#### [Study material]

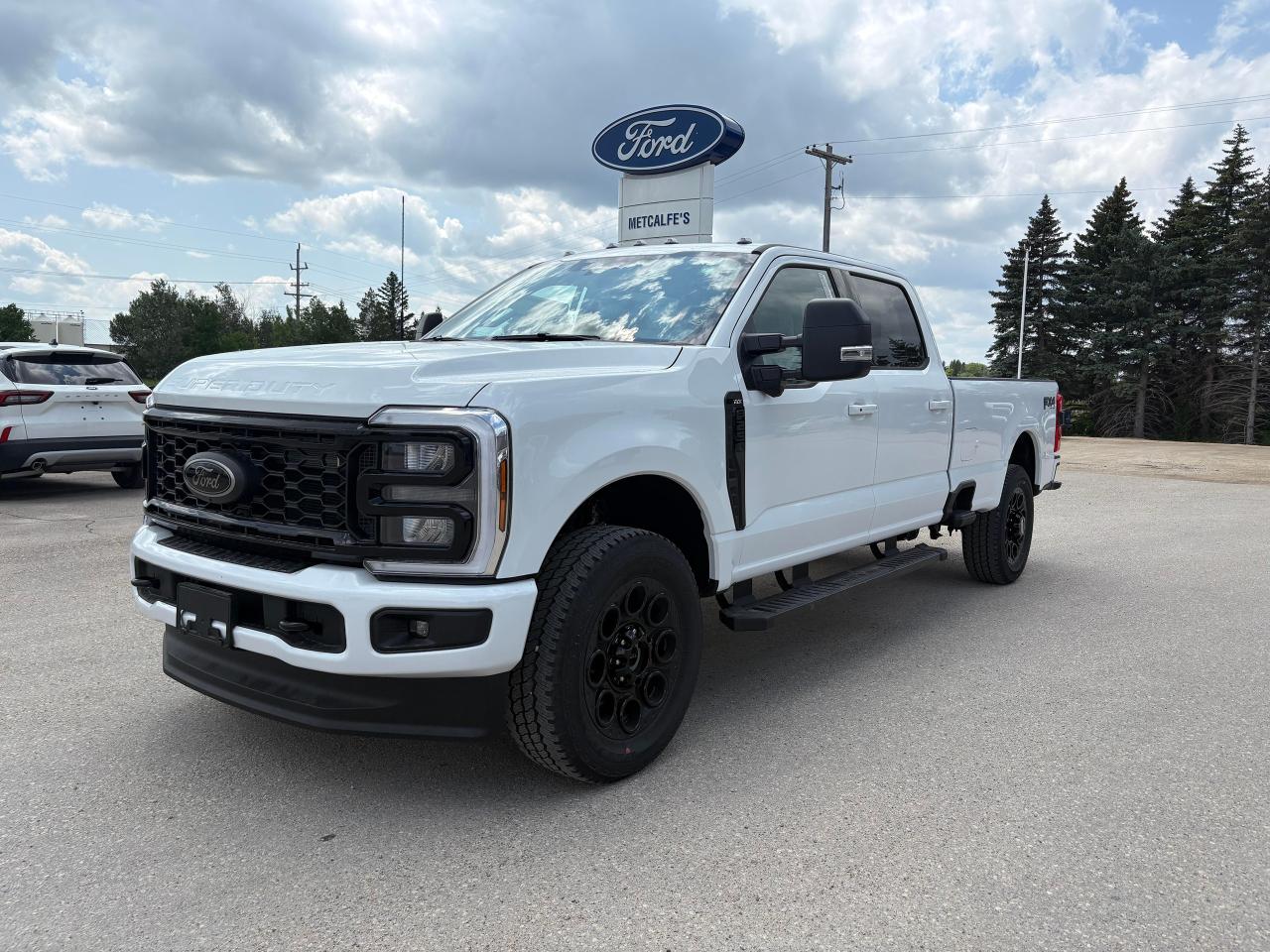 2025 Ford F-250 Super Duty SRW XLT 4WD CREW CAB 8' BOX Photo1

* * *

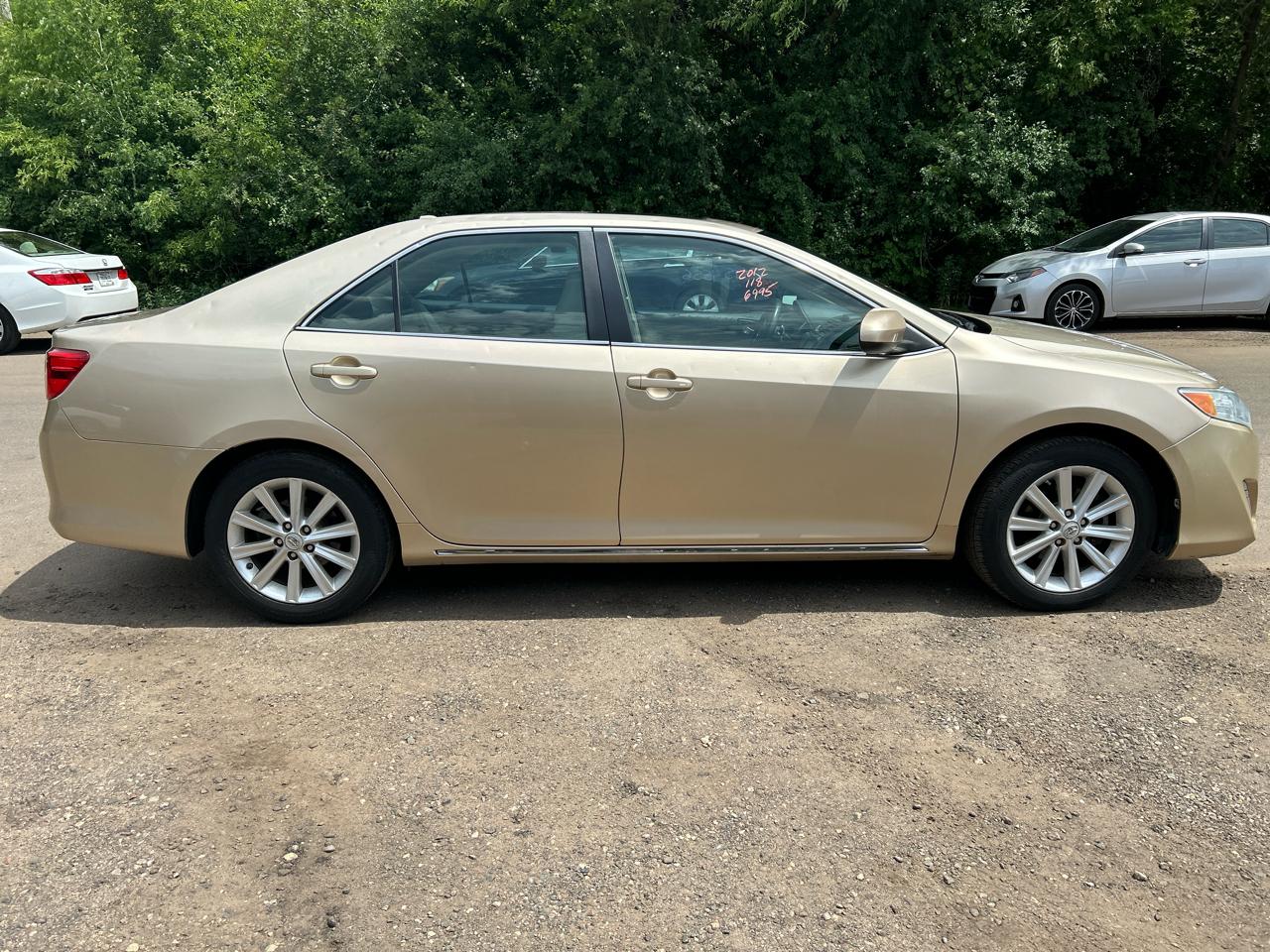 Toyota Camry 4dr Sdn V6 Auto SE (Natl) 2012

* * *

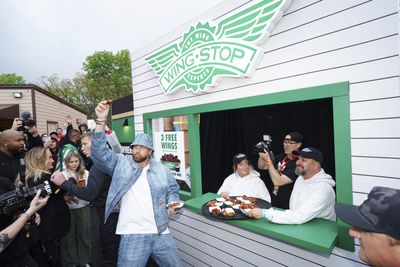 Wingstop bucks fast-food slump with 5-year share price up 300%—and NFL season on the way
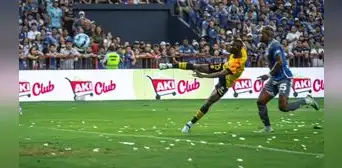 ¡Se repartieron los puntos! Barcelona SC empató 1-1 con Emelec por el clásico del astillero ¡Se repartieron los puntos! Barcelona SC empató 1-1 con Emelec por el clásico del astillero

#### [Directions]
Skipping every picture, transcribe exactly the lines above from the one containing "Wingstop bucks fast-food" through the one containing "del astillero ¡Se", both included.

#### [Output of the task]
 Wingstop bucks fast-food slump with 5-year share price up 300%—and NFL season on the way
 ¡Se repartieron los puntos! Barcelona SC empató 1-1 con Emelec por el clásico del astillero ¡Se repartieron los puntos! Barcelona SC empató 1-1 con Emelec por el clásico del astillero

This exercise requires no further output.